Patsy Cline is amazing.
She also helped me to decide I didn’t want to ever work in the music industry for a living.
See, the notion of Patsy Cline being amazing isn’t something that’s either controversial or particularly arcane; this isn’t secret knowledge. (And btw, that’s not to denigrate this thread, because Pogue does a great job of calling out a great song, the lyrics you might’ve missed, and the fantastic way Patsy executes it.) But if you ask a thousand music fans who have any breadth of exposure to music and music history, “Would you like to listen to some Patsy Cline?” you’ll get damn near a unanimity of opinion on her excellence.

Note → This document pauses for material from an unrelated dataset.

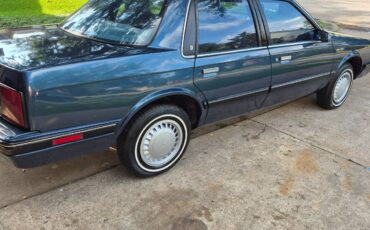 Oldsmobile-ciera-s-1990-4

So it’s 1992, and I’m a paid intern/flunky doing field tour support for a major record label, the entry-est of entry level jobs in the industry. And a band on our label with song getting MTV and radio airplay is touring the country, and as I’m in the midwest, I’m charged with being their tour manager’s gofer and whatnot for four tour stops from Memphis to St. Louis to Kansas City to Denver. And they had a rented bus that I was on, and I’d just fly back to STL after the Denver stop.
So we’re in the tour bus, heading through the middle of nowhere in Kansas, and the group decides they have to stop for lunch. So we find this town of about 10,000 or so off I-70 and a reasonable looking diner place. We’re all in the diner, we’ve all ordered. And there’s a jukebox in the corner. And one of the guys in the band jokingly goes to check it out…and comes back laughing about how “shite” it is. I go over, and it is mostly terrible. But there’s also three Patsy Cline 45s in there, including a cool lesser-known single “When I Get Thru With You”.
And so I dutifully report to the band that the jukebox is indeed awful, excepting some Patsy Cline singles. And the manager of the band says “So…definitely shite then.” And the lead singer of the band follows with “Fuckin’ terrible.”
And at that moment, I realized something I’d been told by a friend who’d gotten out of the music industry already was absolutely true: no one in the industry actually likes or cares about good music, and they’re all tone-deaf assholes. And that if I wanted to work in that industry, I’d have no choice about who or whom I worked to promote and assist in their careers.
So yeah. Thanks to Patsy Cline for getting me off that path. (Said band, btw, has largely disappeared into the Ned’s Atomic Dustbin of history.)